DESCRIPTION OF THE PROBLEM:
Every now and then on the nfs clients, one of the mount gets disconnected or somewhat not accessible
I usually find out when one of the web server’s configuration has not been updated because either the /maintenance mount or the /config mount gets disconnected.
All I have to do is type df to see that one of the mount is not working.
I used to have to kill all processs that were locked up because nfs wouldn’t let them terminate, so I change the nfs mount option to (soft) instead of (hard,intr)
Now all I need to do when it happens is type service netfs restart and things are fine until it locks up again.
I also tried adding nolock option to see if it was related to the lockd, but it still happens.
This has been going on for months and every day or so I have to fix one server or another.

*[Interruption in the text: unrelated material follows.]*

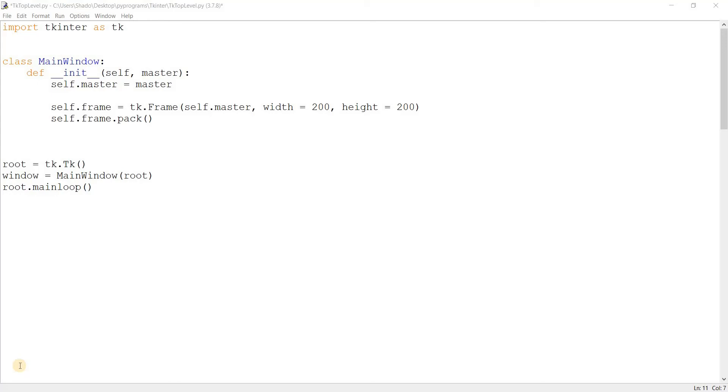Hey guys and welcome back to another tkinter video. In this video, we'll take a look at the top level widget. So what is the top level widget? Well, when you're creating GUI applications, you often feel the need to create more than just one GUI window.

This also happens ( but less often) on my mail servers
This seems to happen only on the mount /maintenance or /config .. there are crons running on the nfs clients that generates the configuration in /config from a script running in /maintenance every minutes.
On top of that I get problems with DEFUNCT lockd processes on vega when it starts happening. The more it happens the more the load gets bigger on vega because of the defunct lockd that cannot be killed.
On top of that, I cannot restart the NFS server as easily as I was because for some reason the bios stays stuck sometimes therefore if I want to restart it, I have to drive to the data center to make sure it boots back properly. (it`s something to do with the bios, not a problem related to the OS or anything)